A new six-part television series will air on BBC One Scotland featuring Peterhead and the extraordinary people working on land and at sea to put the fish on our plates.
Scottish actor James Cosmo will narrate the new show, Fish Town, to be screened on Monday, January 14 at 7.30pm.
In the first episode the fishing boat Reliance, skippered by John Clarke, heads to a fishing ground off the Shetland Isles in search of whitefish and prawns.
Joining John on board is his son, David, who hopes one day to take over as skipper. But before he does, John needs to decide if he thinks his son’s yet up to the job.
David – the youngest person on the boat – is responsible for keeping watch, cooking and looking after the crew on one of the most dangerous parts of the boat, the trawl deck. When a big haul comes aboard, he also has his work cut out cleaning and packing the fish.
Speaking to the Buchanie ahead of the screening, skipper John Clarke said: “It is really exciting to be part of something like this, I hope that it will show youngsters that it is possible to get on in the fishing industry even if you don’t come from a fishing background.”
The show was filmed last summer and had camera crews take to the sea with the local skippers.
John added: “This is the first time that I have been involved with something on television, it was quite an experience.
“A BBC producer asked if we would take a camera crew out to film what we do from catching fish, looking after the boats, the different areas we fish in and the new Peterhead Fish Market.
“The crew enjoyed coming out with us. The camera guys had never been out on a boat before so I think they valued the price of fish afterwards.”
Commenting on his son David’s appearance, John said: “He has been on the boat since he was 15-years-old but he hasn’t taken the boat yet.
“I started at the bottom and worked my way up so I told him that he would have to do the same.
“He was a bit shy around the cameras to start with but once we got out to sea we just got on with the job. There was no playing up for the cameras, they just filmed what we were doing.”
Despite starring in the show, John admitted he didn’t get to view any previews as he said: “I haven’t seen the show yet but I’m looking forward to it.

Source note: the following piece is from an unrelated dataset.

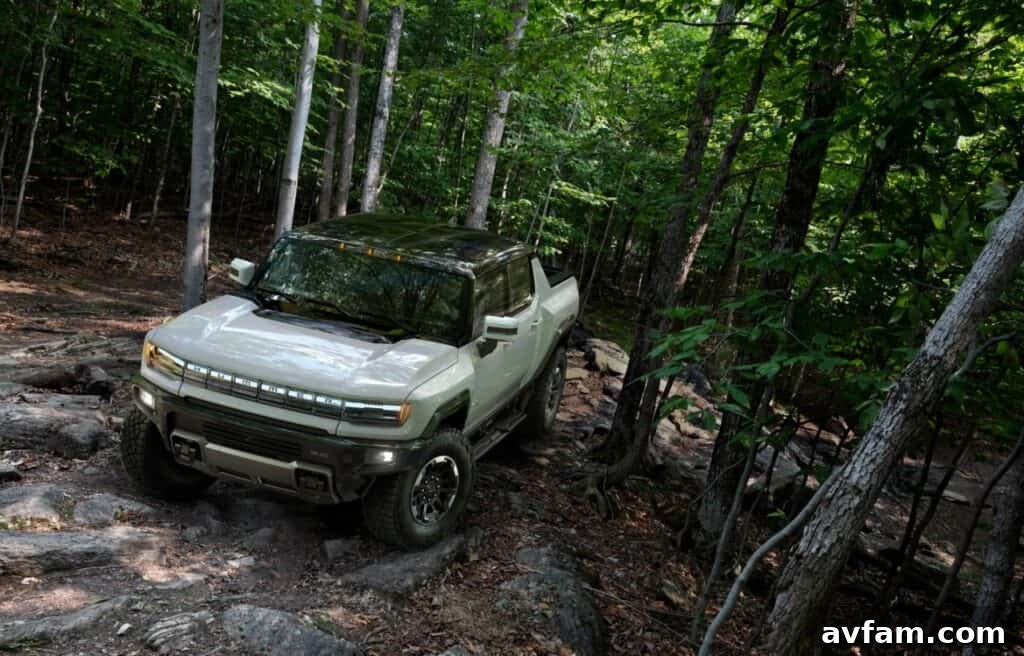 GMC Hummer EV's robust wheel and tire setup.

“I posted something on my social media account and it was shared around 250 times so a lot of people are interested in it.
“This is a job that a lot of people don’t know much about so it will let them see exactly what we do.
“With Fish Town nothing is scripted, there were no second takes and we had no control over what happened.”
The first episode features another Peterhead boat, the Ocean Endeavour, as it heads out to one of the UK’s most remote fishing grounds, Rockall, in search of haddock.
Skipper John Buchan is trying out a rookie fisherman, 18-year-old Nathan Foreman. This is Nathan’s first trip on a deep sea trawler and John hopes to train him up as a fully-fledged deckhand. But Nathan’s first trip is going to be uncomfortable – Storm Hector is blowing in, bringing with it gale force winds.
Back on shore, 24-year-old fish buyer Jason Jack is at Peterhead fish market competing with ten other buyers for the morning’s finest fish. Jason regularly spends up to £50,000 in the market before most of us have even eaten our breakfast.
The second episode will air the following Monday (January 21) at 7.30pm.
In this episode, the trawler Reliance is halfway through a fishing trip off the Shetland Isles when skipper John Clarke spots a broken rope that could lead to the boat losing its net. The crew fix the problem and put out the nets again, but they are hit by a rogue wave which rips a two-tonne metal bar off the top of the boat.
While John and the crew are clearing up from the accident, the boat’s main hydraulic pipe breaks, leaving the boat unable to pull in its fishing gear. If it can’t be fixed, they’ll have to cut the net free. John and the crew manage to fix the pipe and recover the net, and the boat has to sail back to Peterhead for emergency repairs.
In the remote Norwegian sector of the North Sea, the trawler Rosebloom and its sister ship the Boy John are looking for hake. Fishing is good while the weather is fine, but the arrival of heavy fog leaves the boats empty handed.
Back on land, fish buyer Jason Jack is on the floor of his family’s factory, trying to make sure that the fish he’s bought get processed and packed up in time to be loaded onto lorries that will take it to customers across the UK and Europe.